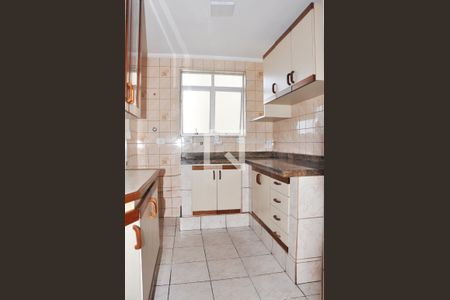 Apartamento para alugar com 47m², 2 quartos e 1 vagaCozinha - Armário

═══

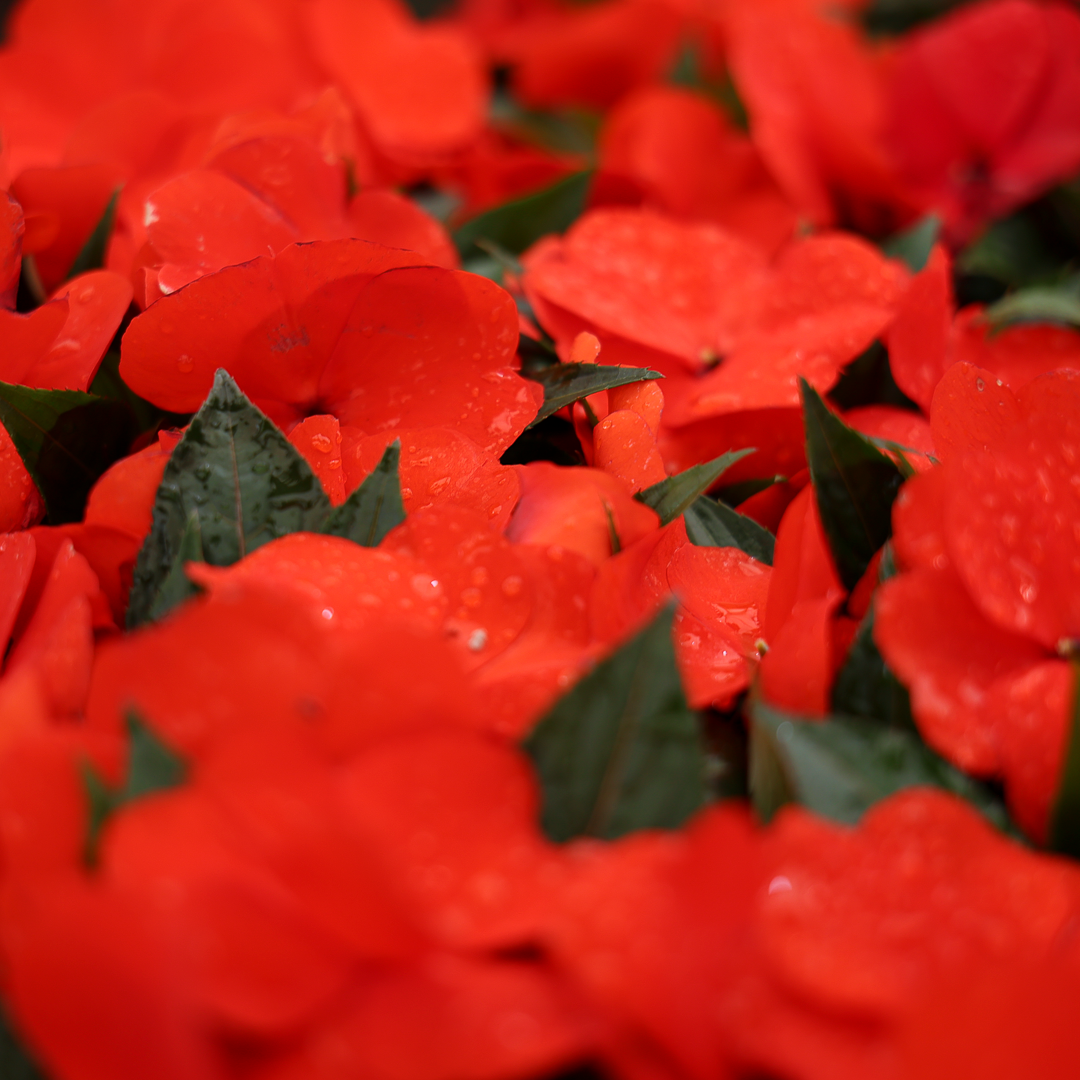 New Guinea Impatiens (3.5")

═══

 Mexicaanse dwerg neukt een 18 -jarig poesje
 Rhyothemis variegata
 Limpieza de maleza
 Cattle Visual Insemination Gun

═══

> _WHAT TO DO_: Could you set down, exactly as written, the lines above between the one holding "Limpieza de maleza" and the one holding "Cattle Visual Insemination Gun", inclusive, and nothing more?

> _FINISHED TASK_:
 Limpieza de maleza
 Cattle Visual Insemination Gun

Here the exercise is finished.